"I Googled it."
Yes, we know. Google won the search war. Yahoo, the front runner not long ago, has been toppled. For those not in the know or clinging on to the final shreds of Yahoo's independence were greeted with a harsh blow this last week. For those of us who have done work in the SEO world over the years, it was the final nail in the coffin to see this greeting us when we tried to use Yahoo's Site Explorer - the Bing migration apparently complete...
Uh...who cares?
I do, for one. Plenty of other SEOs as well. Believe it or not, Yahoo was really the only major search engine that made itself SEO friendly. Don't believe me? Here are two reasons we'll miss Yahoo.
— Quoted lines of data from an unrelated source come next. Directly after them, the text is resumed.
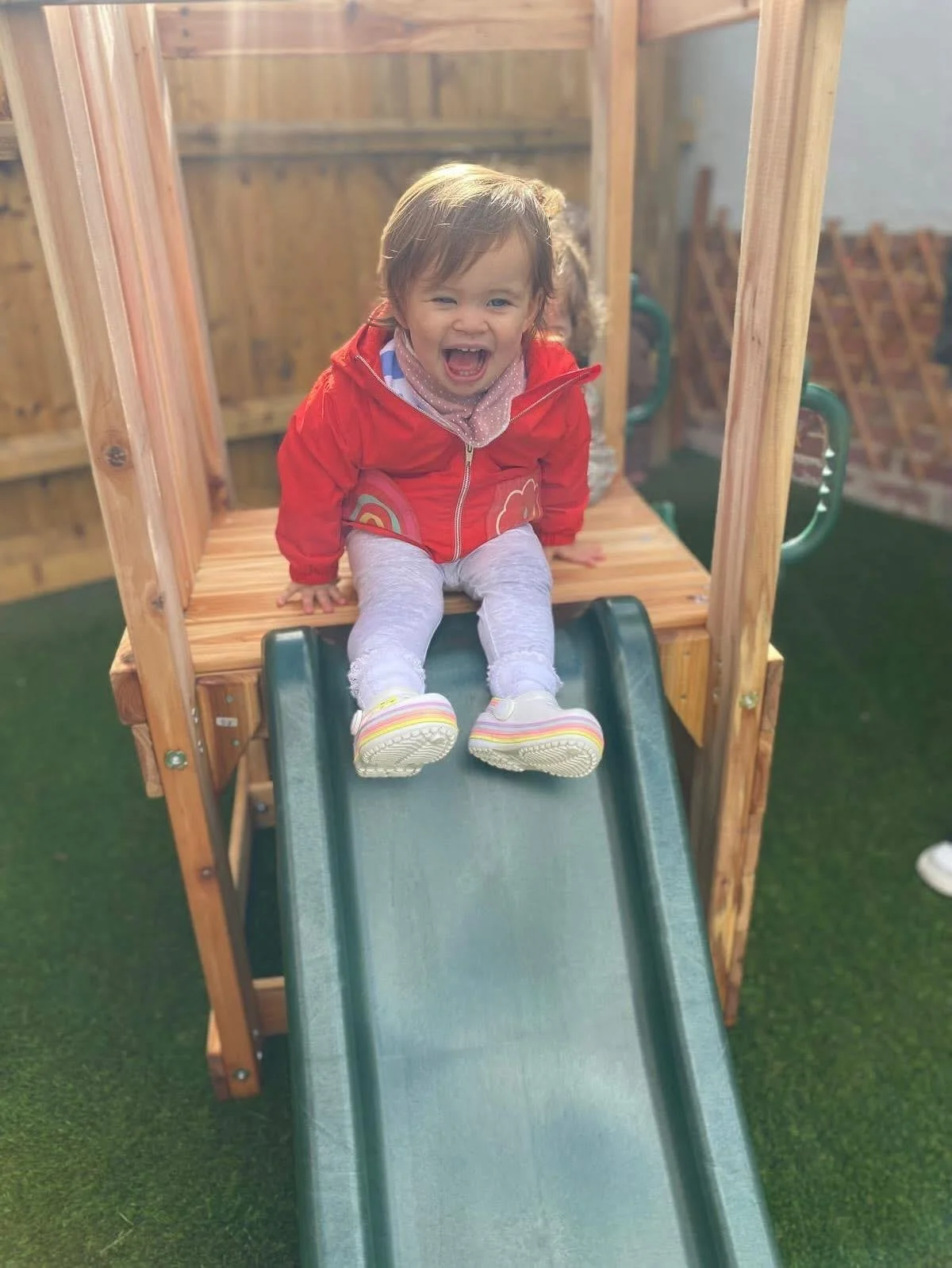 A young girl with brown hair sitting at the top of a small green slide, smiling and laughing, wearing a red jacket and light gray pants, on a playground with a wooden structure and green turf.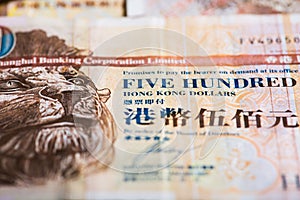Hong Kong Dollar banknotes as money background.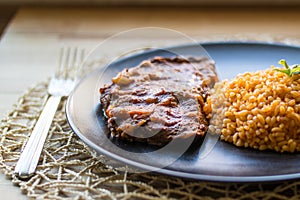 Steak with tomato sauce and bulgur rice in a black plate.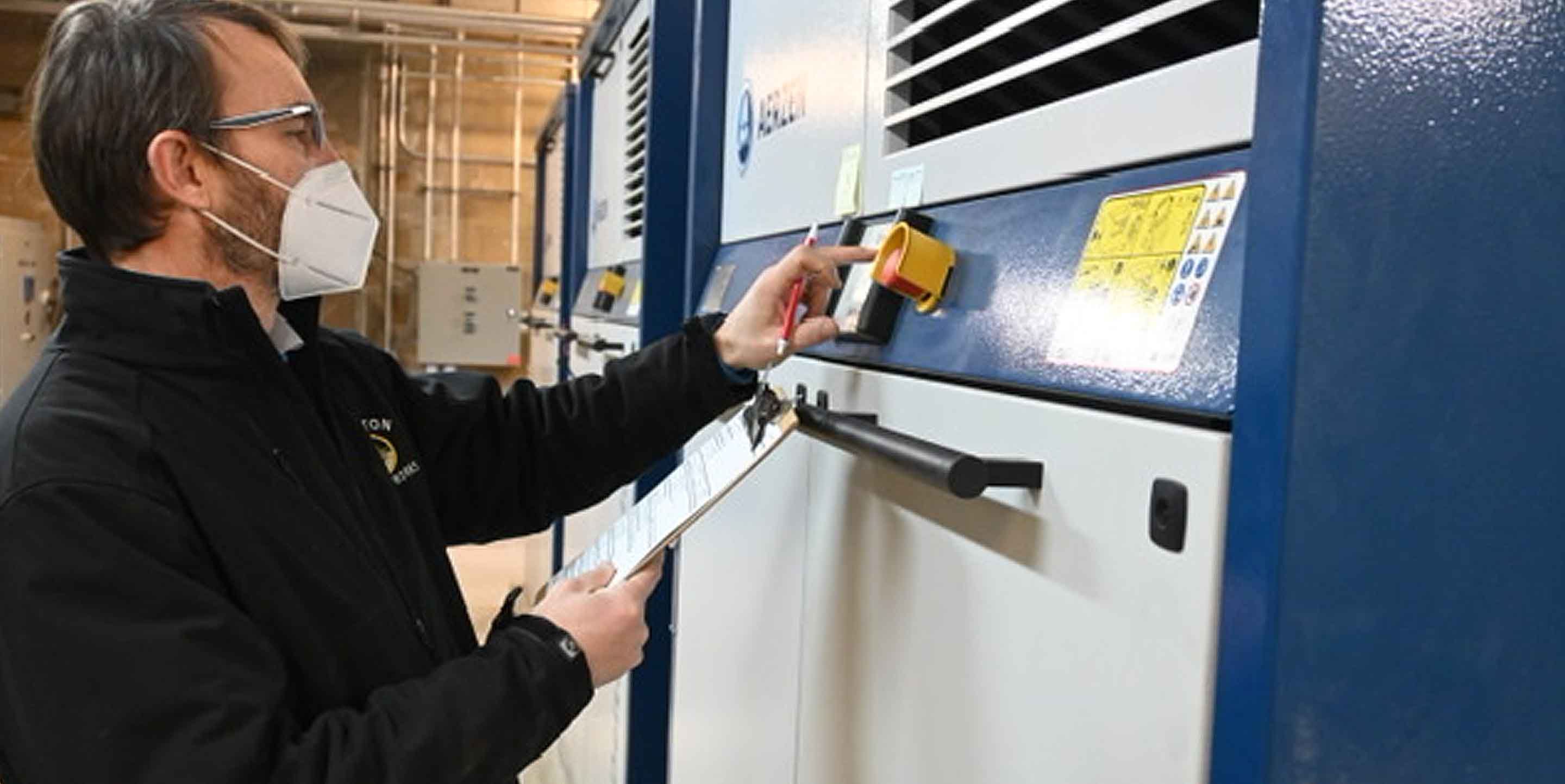 a wastewater plant employee stands with clipboard in front of new machine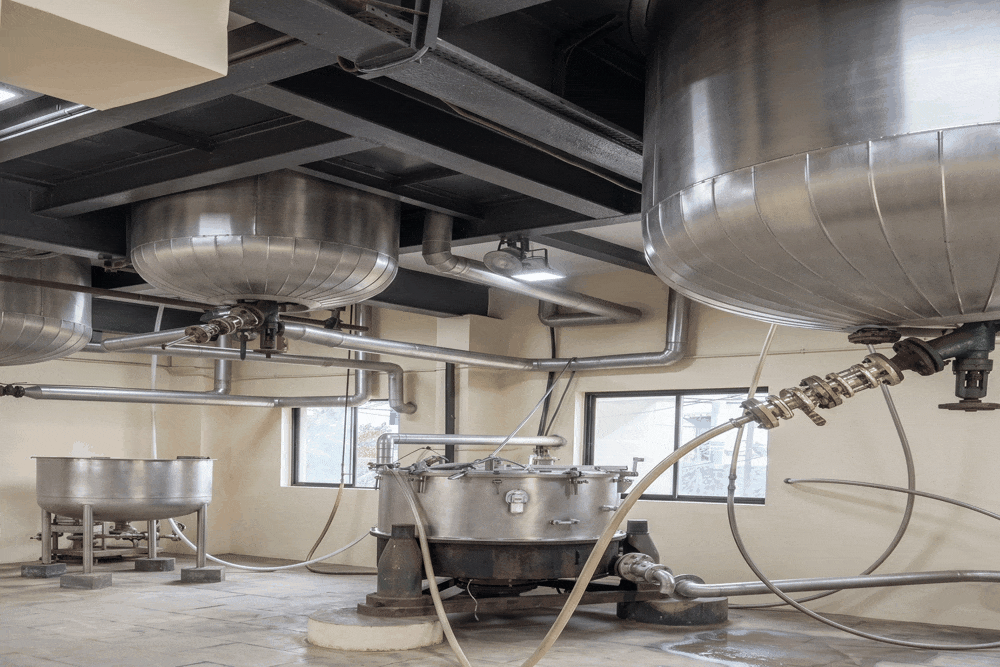 Modern chemical manufacturing facility with stainless steel reactors and process equipment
- Site Explorer's backlink data. There quite simply is no replacement for this. I've seen other people saying there are other tools that can do the same thing, but none of them gave you quick, recent backlink data even on fairly obscure pages and domains. I love Majestic SEO and Open Site Explorer, but they're either too full of noise (Majestic) or not as expansive or current (OSE) to be good for quick backlink data gathering. For example, just last week I was looking to pitch a new job resource for a client to other interested sites. Yahoo's Site Explorer was my tool of choice for finding backlinks to similar resources that would find ours valuable...This was pretty niche stuff, and Yahoo gave me hundreds of targets quickly, the other tools? Not so much...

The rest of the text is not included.